For newly named Academic Success Coach and Tutor Coordinator Cassandra Zeiner, tutoring means more than merely helping students pass a class– it is all about making students feel welcomed, united and confident.

With a passion for literature and writing, Zeiner got her undergraduate degree from WSU in creative writing and her master’s in literature. The idea of coaching has always been fascinating to her, so she decided that being an academic coach fit her perfectly.
“It’s kind of poetic, I suppose,” Zeiner said. “My father was an educator, and there was something really powerful about the fact that students thought of him as not just an instructor or teacher, but as someone who could guide their path, so that was already inside of me.”

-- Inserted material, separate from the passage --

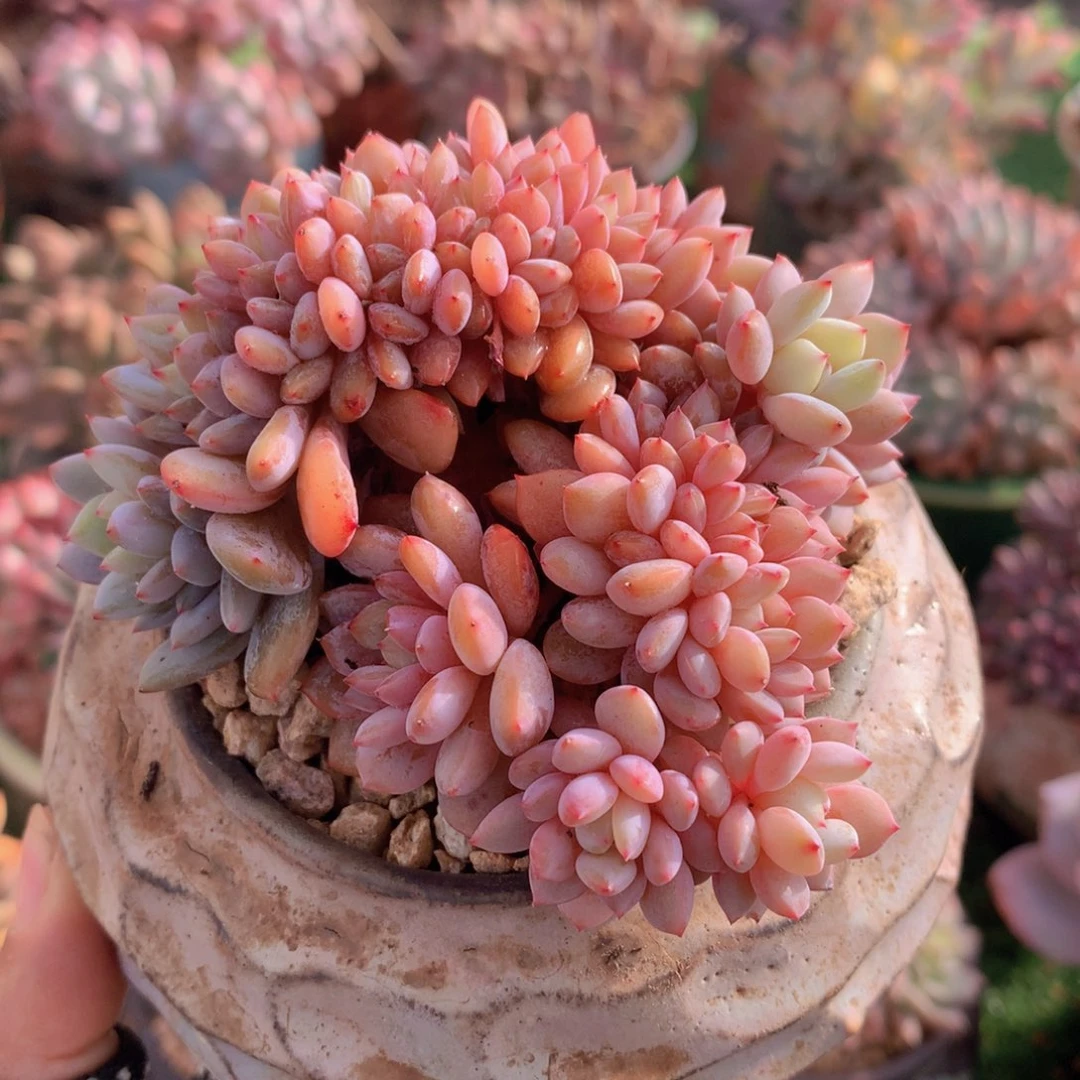 星星橙10 公分一物一拍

Another significant factor in Zeiner’s drive is her love for Butler. Here, she got her associate’s degree and met Mark Jarvis, somebody she says has been a guiding light throughout her career and sparked her love for literature.

When a new person takes charge and has a vision, changes are often implemented. A major change with the tutoring lab has been the fusion of traditional students and athletes. In the past, athletics had separate tutors in the gym, but Zeiner wishes to blur that line and have all students on the same page.

Between both the El Dorado and Andover campuses, Zeiner has 23 tutors, eight of them being faculty members, that help make this all run smoothly. Zeiner hopes that having instructors available for students as tutors will allow for relationships to be formed and for students to excel.

Sophomore Ashley Masters, who was strictly a student-athletic tutor last year, notices some issues that could arise with the change, but generally supports it, hoping it brings a “cohesive dynamic rather than a divisive one.”

“The expectations are going to be an obstacle for the athletes,” Masters said. “They already have a lot on their plate and are going to be held to the same standard as traditional students.”

Zeiner is hopeful that this change will further eliminate the stigma with tutoring, a big goal for her in her opening year at Butler. She believes that students often make presumptions about their own skills and calls that out as being a “fixed mindset and simply untrue.”

“We’ve all got our own path,” Zeiner said. “If one can put themselves in a situation where they have the right tutor at the right time, they can be good at anything.”